This documentation is not really complete (yet).
Throughout this documentation we assume that you are familiar with the theoretical background behind the scanning transmission electron microscope (STEM) to some degree. Also, we assume that you have some knowledge about the UNIX/Linux command line and parallelized computation. STEMsalabim is currently not intended to be run on a desktop computer. While that is possible and works, the main purpose of the program is to be used in a highly parallelized multi-computer environment.
We took great care of making STEMsalabim easy to install. You can find instructions at Installing STEMsalabim. However, if you run into technical problems you should seek help from an administrator of your computer cluster first.
Structure of a simulation¶
There essence of STEMsalabim is to model the interaction of a focused electron beam with a bunch of atoms, typically in the form of a crystalline sample. Given the necessary input files, the simulation crunches numbers for some time, after which all of the calculated results can be found in the output file. Please refer to Running STEMsalabim for notes how to start a simulation.
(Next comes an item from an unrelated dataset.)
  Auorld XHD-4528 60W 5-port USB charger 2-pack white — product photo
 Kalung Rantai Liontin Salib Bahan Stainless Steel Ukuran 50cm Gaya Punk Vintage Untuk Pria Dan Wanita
All information about the specimen are listed in the Crystal file format, which is one of the two required input files for STEMsalabim. It contains each atom’s species (element), coordinates, and mean square displacement as it appears in the Debye-Waller factors.
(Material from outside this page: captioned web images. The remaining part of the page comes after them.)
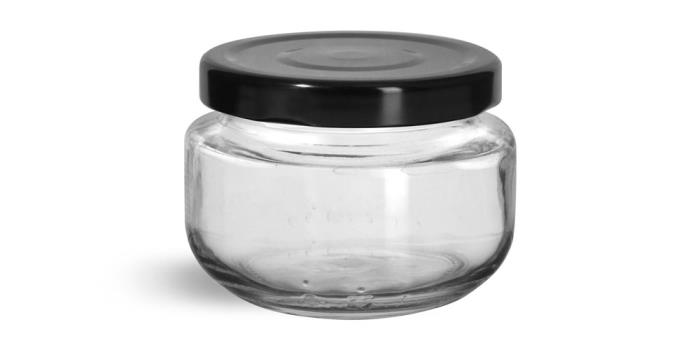 140 ml Glass Jars, Clear Glass Wide Mouth Jars w/ Black Metal Plastisol Lined Lug Caps
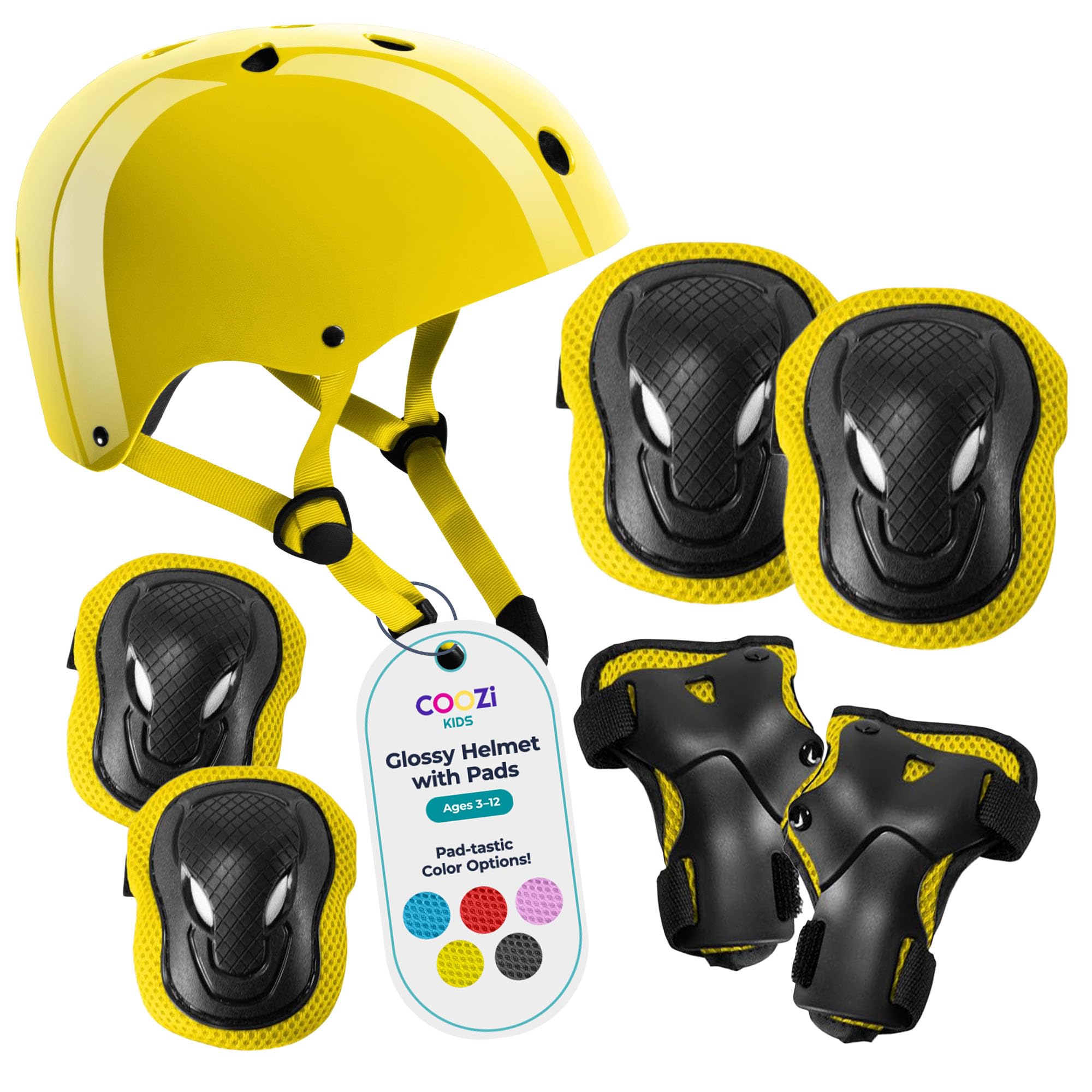 COOZi Glossy Helmet and Pad Set for Kids - Adjustable Protective Gear with Knee, Elbow & Wrist Pads, Safety Set, Cycling, Skateboarding, and Scooting for Boys & Girls Ages 3-12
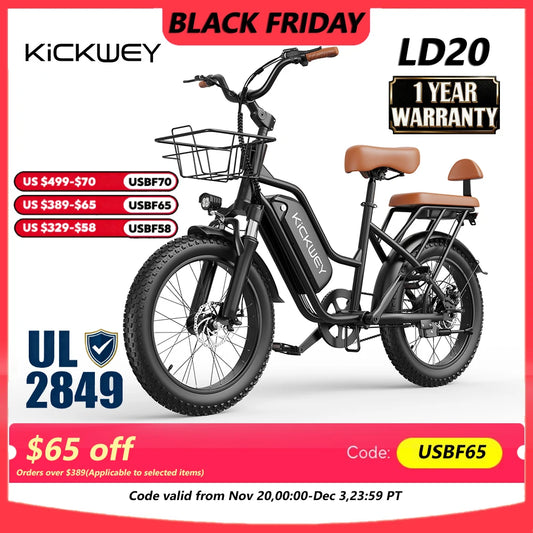 Kickwey LD20 Electric Mountain Bike 1500W Fat Tire Ebike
In addition, you need to supply a Parameter files for each simulation, containing information about the microscope, detector, and all required simulation parameters. All these parameters are given in a specific syntax in the Parameter files that are always required for starting a STEMsalabim* simulation.
The complete output of a STEMsalabim simulation is written to a NetCDF file. NetCDF is a binary, hierarchical file format for scientific data, based on HDF5. NetCDF/HDF5 allow us to compress the output data and store it in machine-readable, organized format while still only having to deal with a single output file.
You can read more about the output file structure at Output file format.
Hybrid Parallelization model¶
STEMsalabim simulations is parallelized both via POSIX threads and via message passing interface (MPI). A typical simulation will use both schemes at the same time: MPI is used for communication between the computing nodes, and threads are used for intra-node parallelization, the usual multi-cpu/multi-core structure.
A high performance computation cluster is an array of many (equal) computing nodes. Typical highly-parallelized software uses more than one of the nodes for parallel computations. There is usually no memory that is shared between the nodes, so all information required for the management of parallel computing needs to be explicitely communicated between the processes on the different machines. The quasi-standard for that is the message passing interface (MPI).
Let us assume a simulation that runs on \(M\) computers and each of them spawns \(N\) threads.
Depending on the simulation parameters chosen, STEMsalabim may need to loop through multiple frozen phonon configurations and values of the probe defocus. The same simulation (with differently displaced atoms and different probe defocus) is therefore typically run multiple times. There are three parallelization schemes implemented in STEMsalabim:
When \(M == 1\), i.e., no MPI parallelization is used, all pixels (probe positions) are distributed among the \(N\) threads and calculated in parallel.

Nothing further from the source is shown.